■ ABOUT THIS TASK ■
Begin at the line containing "Woodland Animals with Pumpkins - Uni Romper" in the entries below and end at the line containing "Dark Purple Roses Sneakers"; transcribe that range exactly and nothing outside it.

##############################

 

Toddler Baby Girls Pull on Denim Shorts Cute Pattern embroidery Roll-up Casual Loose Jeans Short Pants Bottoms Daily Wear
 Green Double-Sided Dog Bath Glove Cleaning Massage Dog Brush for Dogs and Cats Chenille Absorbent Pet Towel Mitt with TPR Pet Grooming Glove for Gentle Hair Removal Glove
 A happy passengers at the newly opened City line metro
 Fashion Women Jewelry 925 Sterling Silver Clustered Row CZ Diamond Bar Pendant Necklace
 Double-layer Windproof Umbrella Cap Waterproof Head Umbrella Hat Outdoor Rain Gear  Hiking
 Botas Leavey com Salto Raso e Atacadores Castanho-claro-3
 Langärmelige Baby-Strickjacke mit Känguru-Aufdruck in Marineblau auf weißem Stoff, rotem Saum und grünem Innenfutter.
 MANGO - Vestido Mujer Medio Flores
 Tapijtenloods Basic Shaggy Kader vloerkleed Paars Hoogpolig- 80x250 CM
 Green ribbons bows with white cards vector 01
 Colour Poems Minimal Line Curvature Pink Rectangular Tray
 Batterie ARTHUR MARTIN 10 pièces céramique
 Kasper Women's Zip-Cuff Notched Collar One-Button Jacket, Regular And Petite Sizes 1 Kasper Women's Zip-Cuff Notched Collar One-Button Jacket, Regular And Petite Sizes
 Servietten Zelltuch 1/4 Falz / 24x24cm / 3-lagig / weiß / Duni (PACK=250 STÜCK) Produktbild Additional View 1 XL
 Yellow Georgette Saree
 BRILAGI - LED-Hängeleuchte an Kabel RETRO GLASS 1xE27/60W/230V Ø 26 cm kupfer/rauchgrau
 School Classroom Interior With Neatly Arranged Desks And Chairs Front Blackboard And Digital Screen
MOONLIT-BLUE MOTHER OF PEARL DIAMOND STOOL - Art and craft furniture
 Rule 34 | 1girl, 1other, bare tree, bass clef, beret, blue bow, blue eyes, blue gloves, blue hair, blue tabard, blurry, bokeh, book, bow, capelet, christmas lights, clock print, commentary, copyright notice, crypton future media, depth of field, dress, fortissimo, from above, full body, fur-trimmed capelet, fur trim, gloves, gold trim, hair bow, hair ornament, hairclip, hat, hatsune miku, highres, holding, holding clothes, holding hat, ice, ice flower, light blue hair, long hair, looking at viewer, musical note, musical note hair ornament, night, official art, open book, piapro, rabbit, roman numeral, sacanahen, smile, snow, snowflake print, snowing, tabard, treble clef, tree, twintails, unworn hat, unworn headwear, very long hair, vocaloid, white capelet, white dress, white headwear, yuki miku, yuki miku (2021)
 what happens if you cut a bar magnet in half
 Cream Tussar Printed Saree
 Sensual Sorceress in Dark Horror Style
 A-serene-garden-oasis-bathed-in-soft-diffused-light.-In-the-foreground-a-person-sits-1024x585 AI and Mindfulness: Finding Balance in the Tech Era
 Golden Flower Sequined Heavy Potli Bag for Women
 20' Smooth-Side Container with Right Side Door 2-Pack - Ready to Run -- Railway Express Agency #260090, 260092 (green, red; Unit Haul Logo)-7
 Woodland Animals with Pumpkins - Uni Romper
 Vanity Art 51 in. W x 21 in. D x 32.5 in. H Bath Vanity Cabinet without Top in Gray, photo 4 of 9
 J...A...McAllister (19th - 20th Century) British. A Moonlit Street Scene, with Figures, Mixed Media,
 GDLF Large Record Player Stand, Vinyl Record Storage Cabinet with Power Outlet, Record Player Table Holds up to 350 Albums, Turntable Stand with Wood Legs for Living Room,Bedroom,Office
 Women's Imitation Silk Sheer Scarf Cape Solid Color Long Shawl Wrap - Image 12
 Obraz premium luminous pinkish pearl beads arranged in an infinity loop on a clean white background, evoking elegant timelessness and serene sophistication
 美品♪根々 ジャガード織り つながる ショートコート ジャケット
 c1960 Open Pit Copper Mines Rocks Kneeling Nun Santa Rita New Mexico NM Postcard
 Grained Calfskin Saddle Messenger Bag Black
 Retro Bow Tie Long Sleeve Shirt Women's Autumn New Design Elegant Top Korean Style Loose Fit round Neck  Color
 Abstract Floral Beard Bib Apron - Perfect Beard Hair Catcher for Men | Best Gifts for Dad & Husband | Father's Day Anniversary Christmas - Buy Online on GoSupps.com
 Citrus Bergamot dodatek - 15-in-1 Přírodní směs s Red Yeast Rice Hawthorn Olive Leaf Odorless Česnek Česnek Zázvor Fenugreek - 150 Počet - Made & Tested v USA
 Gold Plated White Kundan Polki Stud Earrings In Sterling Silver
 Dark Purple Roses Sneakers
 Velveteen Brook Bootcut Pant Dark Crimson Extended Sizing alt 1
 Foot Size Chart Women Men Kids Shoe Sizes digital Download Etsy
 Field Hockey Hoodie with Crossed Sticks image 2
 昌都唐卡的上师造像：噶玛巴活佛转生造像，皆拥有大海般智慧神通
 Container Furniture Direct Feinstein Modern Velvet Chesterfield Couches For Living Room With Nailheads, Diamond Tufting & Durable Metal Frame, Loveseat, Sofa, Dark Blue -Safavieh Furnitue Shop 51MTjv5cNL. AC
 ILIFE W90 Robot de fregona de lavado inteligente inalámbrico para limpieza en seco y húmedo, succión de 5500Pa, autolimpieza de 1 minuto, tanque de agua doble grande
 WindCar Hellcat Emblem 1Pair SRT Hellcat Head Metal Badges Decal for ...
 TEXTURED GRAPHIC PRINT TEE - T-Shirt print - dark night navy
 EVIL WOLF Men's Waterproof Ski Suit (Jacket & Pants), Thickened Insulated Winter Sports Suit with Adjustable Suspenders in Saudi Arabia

##############################

■ EXERCISE RESULT ■
 Woodland Animals with Pumpkins - Uni Romper
 Vanity Art 51 in. W x 21 in. D x 32.5 in. H Bath Vanity Cabinet without Top in Gray, photo 4 of 9
 J...A...McAllister (19th - 20th Century) British. A Moonlit Street Scene, with Figures, Mixed Media,
 GDLF Large Record Player Stand, Vinyl Record Storage Cabinet with Power Outlet, Record Player Table Holds up to 350 Albums, Turntable Stand with Wood Legs for Living Room,Bedroom,Office
 Women's Imitation Silk Sheer Scarf Cape Solid Color Long Shawl Wrap - Image 12
 Obraz premium luminous pinkish pearl beads arranged in an infinity loop on a clean white background, evoking elegant timelessness and serene sophistication
 美品♪根々 ジャガード織り つながる ショートコート ジャケット
 c1960 Open Pit Copper Mines Rocks Kneeling Nun Santa Rita New Mexico NM Postcard
 Grained Calfskin Saddle Messenger Bag Black
 Retro Bow Tie Long Sleeve Shirt Women's Autumn New Design Elegant Top Korean Style Loose Fit round Neck  Color
 Abstract Floral Beard Bib Apron - Perfect Beard Hair Catcher for Men | Best Gifts for Dad & Husband | Father's Day Anniversary Christmas - Buy Online on GoSupps.com
 Citrus Bergamot dodatek - 15-in-1 Přírodní směs s Red Yeast Rice Hawthorn Olive Leaf Odorless Česnek Česnek Zázvor Fenugreek - 150 Počet - Made & Tested v USA
 Gold Plated White Kundan Polki Stud Earrings In Sterling Silver
 Dark Purple Roses Sneakers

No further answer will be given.